As part of my work, I visited the four PRUs and interviewed the four fistula mentors. The fistula mentors play integral roles as caregivers to PRU patients, instructors to district and health officials, and partners with members of the community in terms of identifying women who are seeking services. I attended a half-day sensitization workshop in Sekota, which included a host of stakeholders including women's organizations, religious leaders, and regional health bureau officials. I also interviewed a variety of project staff and project partners as well as examined models that countries with comparable maternal mortality rates were utilizing. 

After an intense four weeks, I submitted my report and included recommendations based on my own observations along with those shared with me by interviewees. Some examples include the following:

  • Encourage health centers to lead and manage joint supportive supervision (JSS) meetings. Currently fistula mentors travel to health centers quarterly to conduct JSS visits where they discuss challenges the health center staff encounter in providing services and review performance data such as uptake of partograph use by staff. Fistula mentors could review the meeting reports rather than traveling to the health centers to attend the meetings.
  • Integrate the PRUs with the health centers, and make the fistula mentor a mobile force who would travel between the centers.
  • Aim to decrease transportation costs by reducing IntraHealth van-provided return trips from the Hamlin hospital to the PRU to the community and explore how best to support women to use public transport.
  • Quantitatively measure the hospital length of stay as well as post-surgical outcomes of patients who arrive at the Hamlin hospital directly from the community versus those patients who arrive from the PRUs in order to illustrate any differences between the two populations.
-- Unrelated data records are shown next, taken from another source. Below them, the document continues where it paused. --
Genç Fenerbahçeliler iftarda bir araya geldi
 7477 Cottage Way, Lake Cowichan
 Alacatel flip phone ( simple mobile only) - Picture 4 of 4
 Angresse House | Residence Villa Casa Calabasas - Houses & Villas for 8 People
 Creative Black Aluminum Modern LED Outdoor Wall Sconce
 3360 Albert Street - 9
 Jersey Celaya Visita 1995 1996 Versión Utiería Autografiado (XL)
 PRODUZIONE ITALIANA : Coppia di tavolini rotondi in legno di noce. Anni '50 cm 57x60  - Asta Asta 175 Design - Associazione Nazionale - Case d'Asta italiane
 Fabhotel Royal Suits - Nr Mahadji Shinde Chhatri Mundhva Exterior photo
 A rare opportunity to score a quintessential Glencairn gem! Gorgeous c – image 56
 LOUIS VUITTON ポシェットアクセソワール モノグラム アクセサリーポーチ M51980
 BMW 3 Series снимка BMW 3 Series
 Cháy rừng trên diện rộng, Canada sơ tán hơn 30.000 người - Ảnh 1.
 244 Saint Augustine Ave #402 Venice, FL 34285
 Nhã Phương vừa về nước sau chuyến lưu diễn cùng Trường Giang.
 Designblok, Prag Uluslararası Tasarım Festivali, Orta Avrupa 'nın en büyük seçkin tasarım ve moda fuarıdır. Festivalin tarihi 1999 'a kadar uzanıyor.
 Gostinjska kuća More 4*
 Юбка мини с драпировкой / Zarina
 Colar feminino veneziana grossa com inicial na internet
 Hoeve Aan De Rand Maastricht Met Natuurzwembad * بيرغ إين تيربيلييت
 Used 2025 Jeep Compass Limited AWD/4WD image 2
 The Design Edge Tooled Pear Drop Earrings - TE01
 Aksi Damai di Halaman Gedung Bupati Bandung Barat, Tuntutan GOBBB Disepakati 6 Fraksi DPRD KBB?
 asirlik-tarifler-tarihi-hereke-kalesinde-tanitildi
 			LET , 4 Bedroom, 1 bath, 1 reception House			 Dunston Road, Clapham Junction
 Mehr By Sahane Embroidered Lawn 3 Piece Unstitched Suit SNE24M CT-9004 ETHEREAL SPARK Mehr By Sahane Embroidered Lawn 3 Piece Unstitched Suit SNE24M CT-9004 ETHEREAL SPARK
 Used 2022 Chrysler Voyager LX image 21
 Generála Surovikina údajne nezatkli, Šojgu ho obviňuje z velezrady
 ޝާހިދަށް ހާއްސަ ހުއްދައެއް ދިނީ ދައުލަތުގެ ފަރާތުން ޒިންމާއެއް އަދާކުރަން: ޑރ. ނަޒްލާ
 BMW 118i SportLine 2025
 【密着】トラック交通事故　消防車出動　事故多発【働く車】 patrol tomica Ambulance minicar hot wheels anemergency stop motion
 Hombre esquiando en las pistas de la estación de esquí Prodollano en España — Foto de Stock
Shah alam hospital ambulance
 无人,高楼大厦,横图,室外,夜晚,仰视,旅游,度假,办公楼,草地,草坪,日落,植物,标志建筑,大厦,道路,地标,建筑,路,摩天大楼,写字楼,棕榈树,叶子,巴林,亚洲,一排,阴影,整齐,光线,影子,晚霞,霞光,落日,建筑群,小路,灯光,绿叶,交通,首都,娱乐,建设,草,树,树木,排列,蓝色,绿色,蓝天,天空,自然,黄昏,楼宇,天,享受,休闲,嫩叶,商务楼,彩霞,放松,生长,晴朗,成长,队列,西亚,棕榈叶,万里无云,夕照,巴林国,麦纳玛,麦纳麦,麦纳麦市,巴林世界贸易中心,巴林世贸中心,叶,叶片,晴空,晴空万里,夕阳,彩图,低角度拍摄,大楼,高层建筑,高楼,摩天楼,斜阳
I loved my experience in Ethiopia and even had the unexpected blessing, despite warnings, of avoiding gastric upsets. I am scheduled to graduate from HSPH this spring, and I am interested in pursuing employment where I am able to tackle documented maternal health problems and design interventions to address them. Ideally, I want to pursue such work while living in the countries facing those problems. The people I met in Ethiopia, both through the project and through serendipitous encounters, were unequivocally gracious and generous, and if I were given an opportunity to return, I would do so without hesitation.